Quasimodo went to his doctor. "How can I help you,' asked the doctor." I just don't feel right,' replied Quasimodo "OK,can you take off all your clothes and we'll try to find out what's wrong." said the doctor. Quasimodo took off ten vests,eight shirts and fourteen jumpers. ''When was the last time you took off all your clothes?" asked the doctor. "When I was at school" replied Quasimodo. "Did you never wonder what happened to your school bag" replied the doctor.

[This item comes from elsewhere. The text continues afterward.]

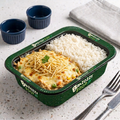 Chicken Fricassée with Rice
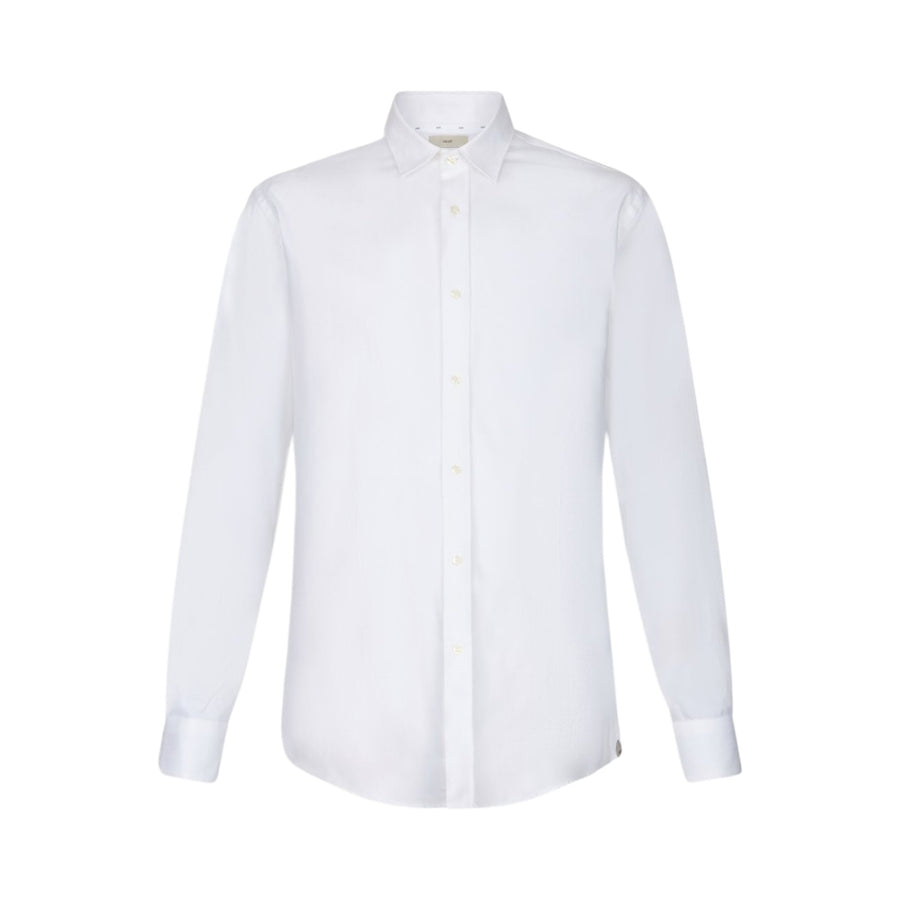 Camicia uomo in cotone stampato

I woke up to go to the toilet in the middle of the night (as I often do) & I noticed a strange individual who looked like a terrorist with a knife in his hand, sneaking through my next door neighbour’s back garden. Suddenly my neighbour came from nowhere and smacked him over the head with a shovel, killing him instantly. He then dug a grave in the vegie patch and put the body in it and covered it. Astonished, I got back into bed. As I tossed and turned my wife said, "You're upset, what is it?" "You'll never believe what I've just seen," I said. ”What” she said "That bastard next door has still got my shovel.".
At a wedding ceremony, the pastor asked if anyone had anything to say concerning the union of the bride and groom. It was their time to stand up and talk, or forever hold their peace. The moment of utter silence was broken by a young beautiful woman carrying a child. She started walking toward the pastor slowly. Everything quickly turned to chaos. The bride slapped the groom. The groom's mother fainted. The groomsmen started giving each other looks and wondering how best to help save the situation. The pastor asked the woman, "Can you tell us why you came forward? What do you have to say?" The woman replied, "We can't hear in the back."
My son said, "Dad, when was the first time you fell in love?" I said, "I was 18. I walked into a bar and spotted the most gorgeous blonde I'd ever seen. Cupid fired his arrow the second I saw her." He said, "WOW…So what happened?" I said, "Nothing son. Unfortunately the arrow missed and hit your fecking Mother."